I was ready and willing to climb out of my dungeon.
Sh*t came up! It was ugly, mucky, and painful. I thought the path of healing was supposed to bring me happiness and confidence. Where was the light at the end of the tunnel? I didn’t realize I was going to analyze every emotion and thought, examine decisions I had made, reflect on those I’ve hurt and those who have hurt me, or why I had to agonize over the abortion. It was all in the past, I just wanted to jump into a new life and start fresh.
I would try anything to release this pain. To feel whole, worthy, and happy. To come to terms with my past, move forward, and maybe even love myself. I didn’t want to give up and bury myself all over again.
I sought spiritual guidance, or rather, it sought me. Yoga and running came back to my life, meditation, journaling, reading, chanting, mantra, acupuncture, breath work, essential oils, Reiki, support groups, spiritual life coaching, walking over fire.

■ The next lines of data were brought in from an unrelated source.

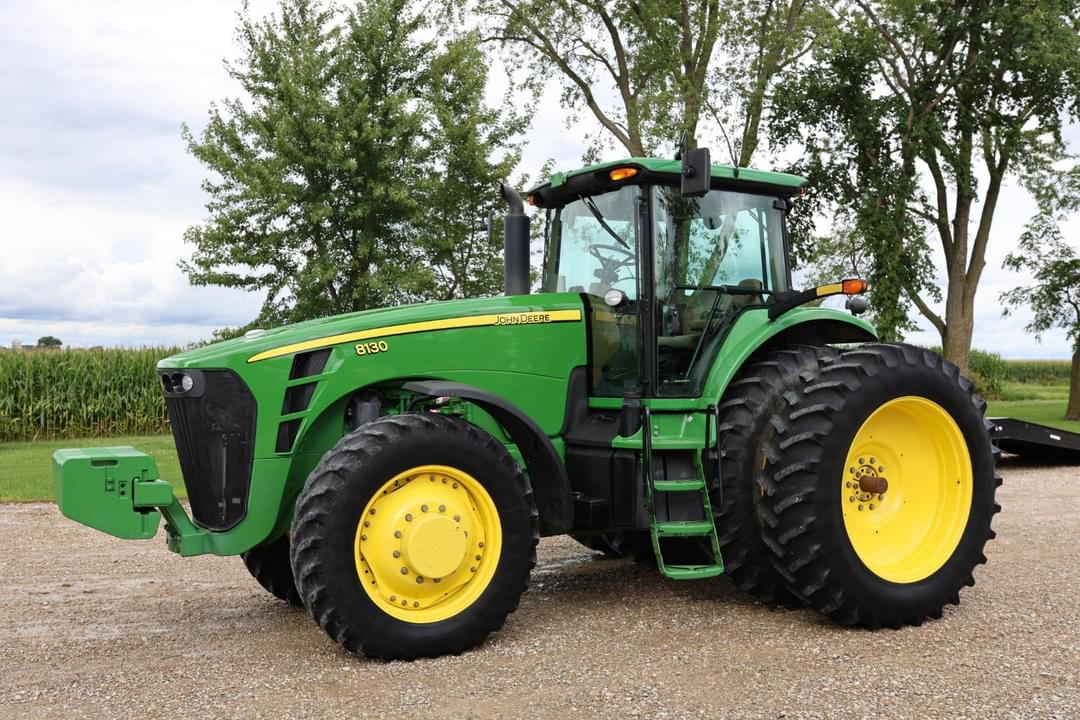 Image of John Deere 8130 Primary image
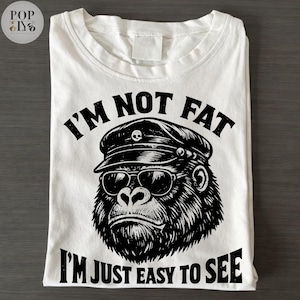 Ik ben niet dik, ik ben gewoon gemakkelijk te zien grappige aap SVG-png | Shirtontwerp met sarcastische dierencitaat | Grappig cadeau voor mannen en vrouwen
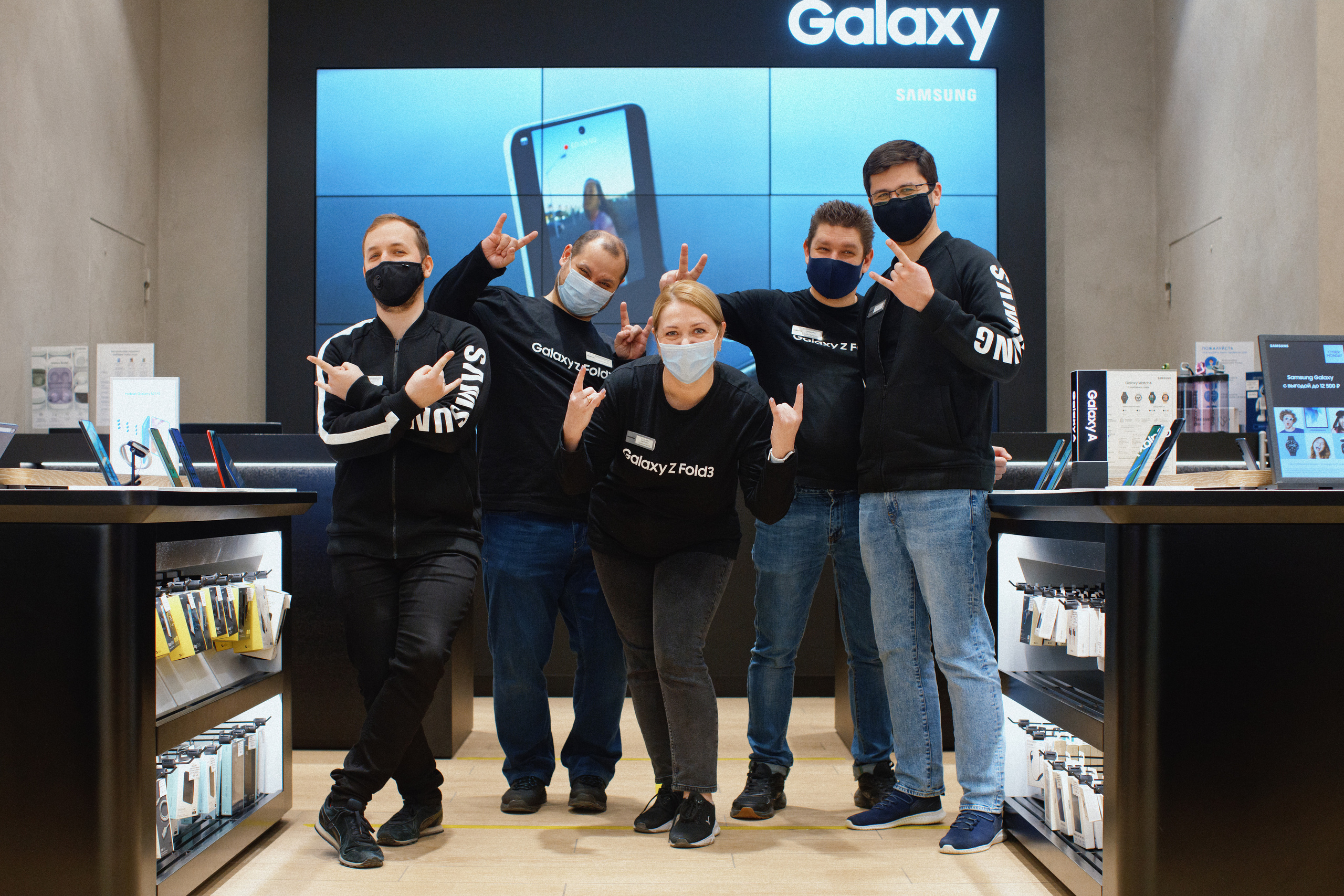 Galaxy S21 FE / ТРЦ Хорошо. Свадебный фотограф в Москве Никифоров-Гордеев Константин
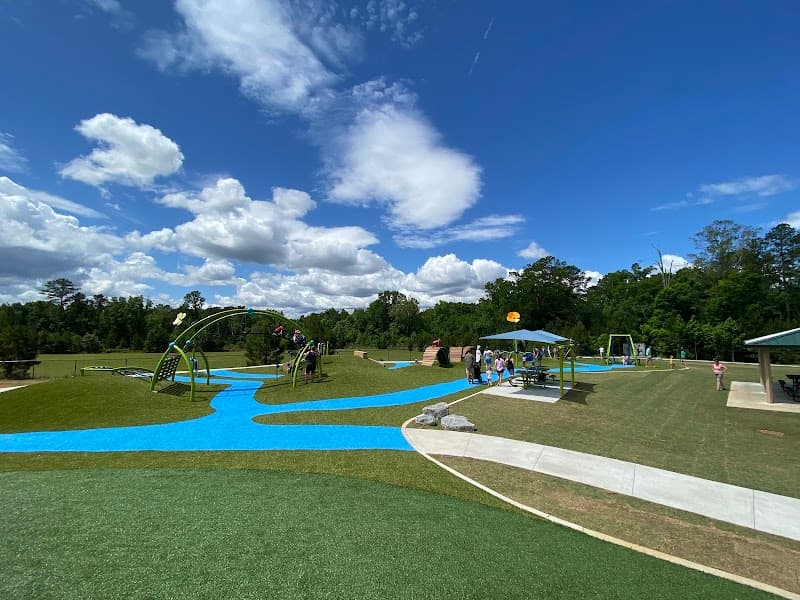 Leo's Landing - Photo 3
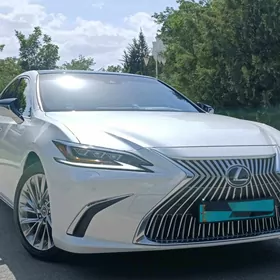 Lexus ES 350 2021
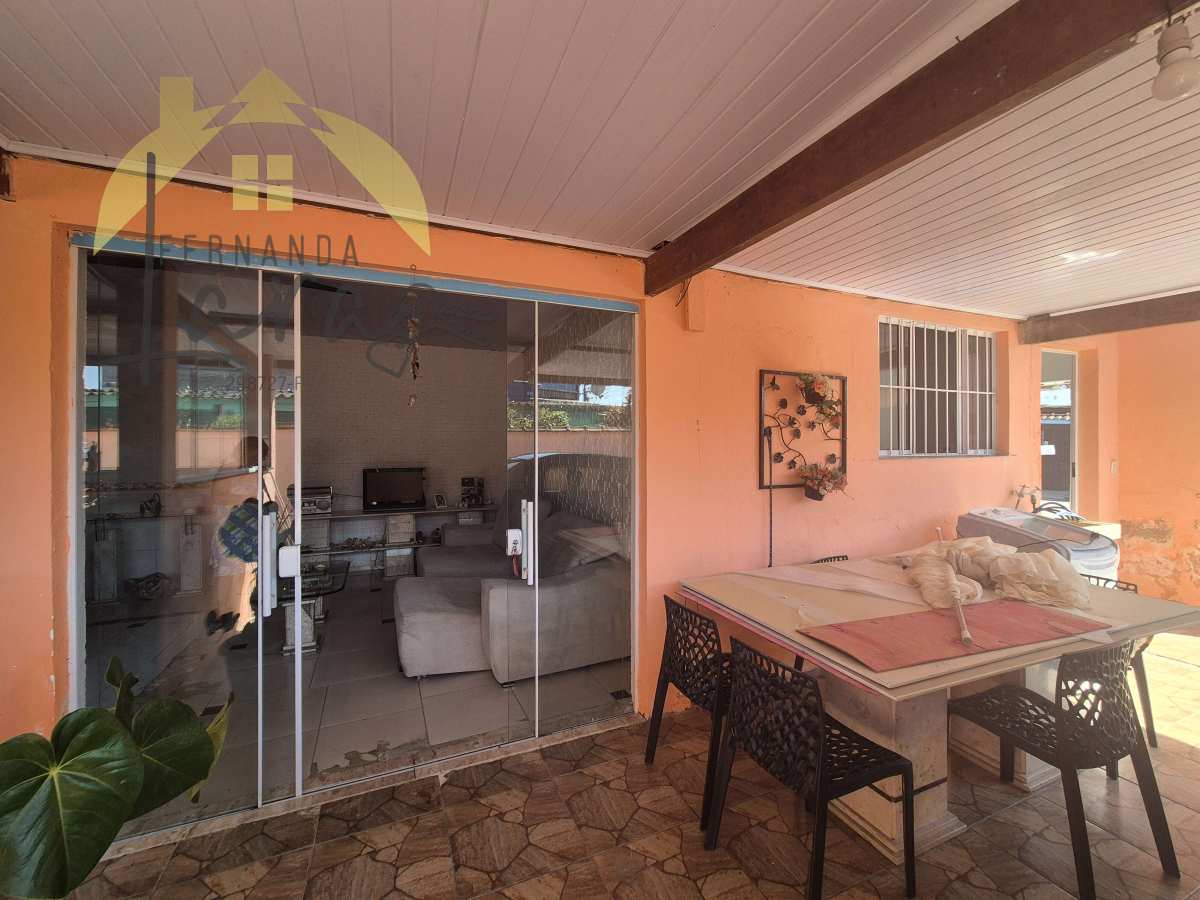 Casa à venda em Peruíbe, Vatrapuã, com 3 quartos, 130m² - Fernanda Lara Corretora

It was working. I could actually feel a shift, a difference in myself.
Books, articles, YouTube videos, apps, lectures, trainings, anything around yoga, Buddhist philosophy, energy healing, meditation, mindfulness, and spirituality. Sign me up; I couldn’t get enough.
Yes, parts were painful and dark, but simultaneously insightful, refreshing, and even cathartic.
I discovered this rejection, unworthiness, and shame didn’t necessarily come from God and the Church, as I originally believed, but from within myself. It was easier to put blame on outside circumstances and people than take a look in the mirror and explore what was really going on deep inside me. I was easily influenced and let certain experiences and people define my self-worth and shape the direction of my life.
I don’t condone or condemn all my actions, but I can embrace my choices with compassion and a loving heart. My sex life was no one’s business. I wasn’t hurting anybody, just myself. It’s not the future I envisioned, and the truth behind it was I lacked self-love and if for just one night, I felt accepted.
The abortion tore me apart. I was conflicted, part of me wanting a baby, but believing I was incapable of parenting, decided to terminate. I was weak. I allowed someone else to dictate my ability to love and care for another. I doubt I’ll ever completely stop thinking about this choice, but have come to terms with my decision.
I started listening to my body and following my intuition. It’s liberating to hear my voice, to laugh, to have the courage to take action toward my dreams, to find joy in life again, and believe that I do have something good to offer this world. It’s a constant practice, but I catch myself much faster when self-sabotaging thoughts arise.
Love. Hope. Acceptance. Worthy. Content. Joy. Confidence.
I’m not a practicing Catholic and have adopted different methods and doctrines to heal, forgive, and to live by. My library of tools may be different from the young gentleman’s at that coffee shop, but the path to self-acceptance and recovery is personal. I wish him well on his journey of sobriety.
I’m not going to hell and I’m not a bad person. I’m human trying to navigate in this world.